YOUR TASK
Retype the listing exactly. Leave out the images.

DATASET EXTRACT

========================================

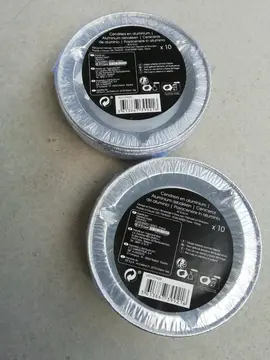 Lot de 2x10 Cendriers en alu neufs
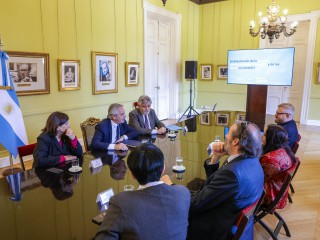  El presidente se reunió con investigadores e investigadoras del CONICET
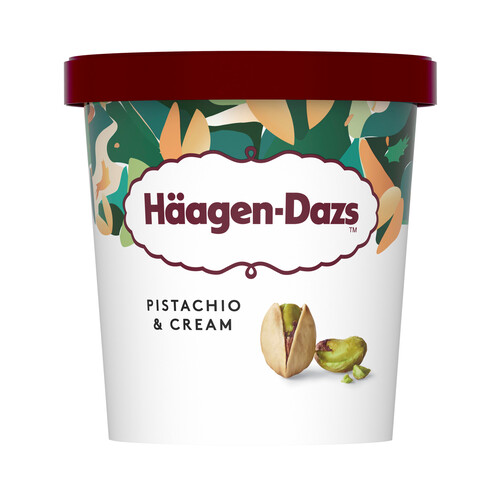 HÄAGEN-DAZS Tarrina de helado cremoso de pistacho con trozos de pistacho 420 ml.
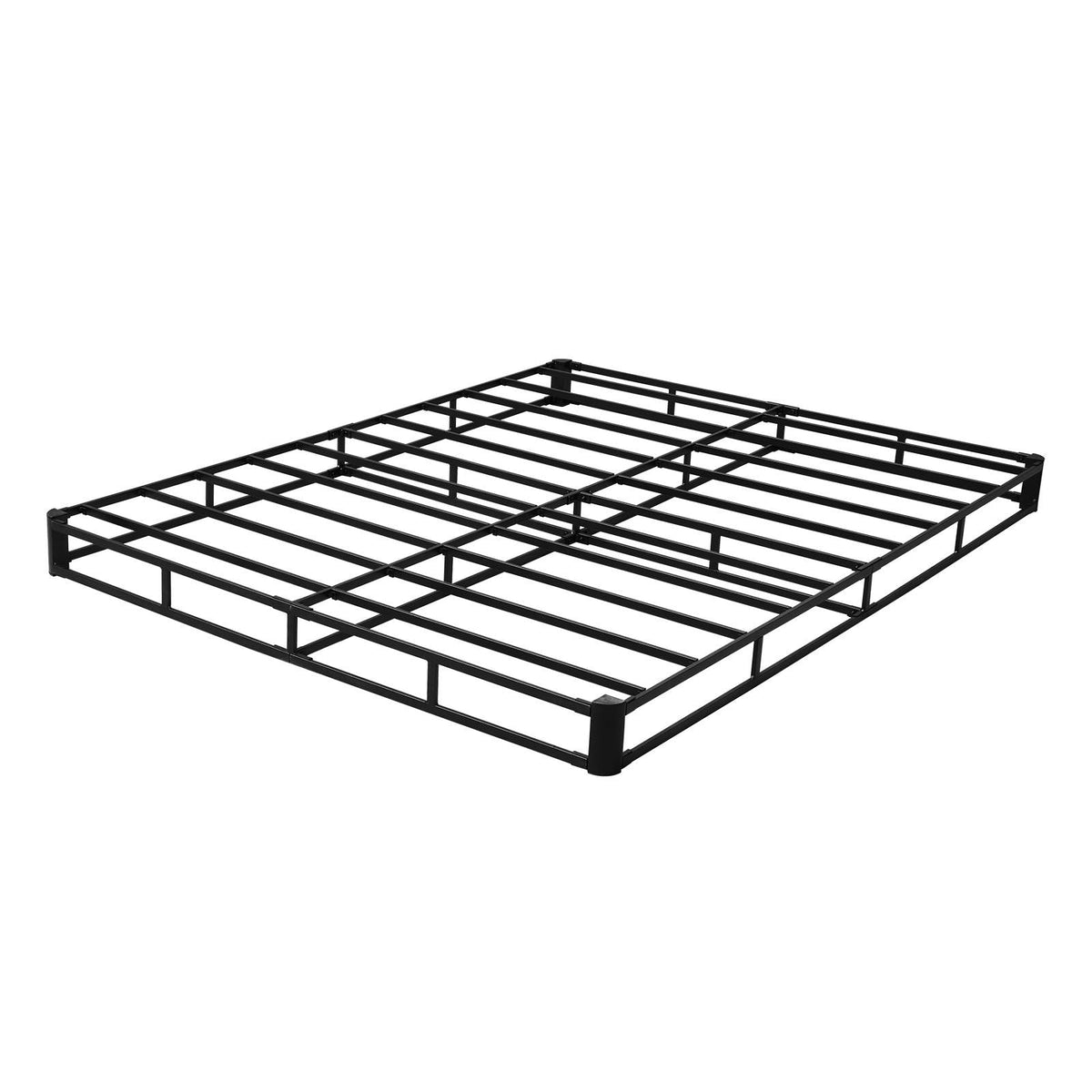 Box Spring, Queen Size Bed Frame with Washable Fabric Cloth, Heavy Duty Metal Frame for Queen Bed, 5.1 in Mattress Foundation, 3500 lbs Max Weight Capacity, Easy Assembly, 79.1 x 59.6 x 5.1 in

========================================

RESULT OF THE EXERCISE
 Lot de 2x10 Cendriers en alu neufs
  El presidente se reunió con investigadores e investigadoras del CONICET
 HÄAGEN-DAZS Tarrina de helado cremoso de pistacho con trozos de pistacho 420 ml.
 Box Spring, Queen Size Bed Frame with Washable Fabric Cloth, Heavy Duty Metal Frame for Queen Bed, 5.1 in Mattress Foundation, 3500 lbs Max Weight Capacity, Easy Assembly, 79.1 x 59.6 x 5.1 in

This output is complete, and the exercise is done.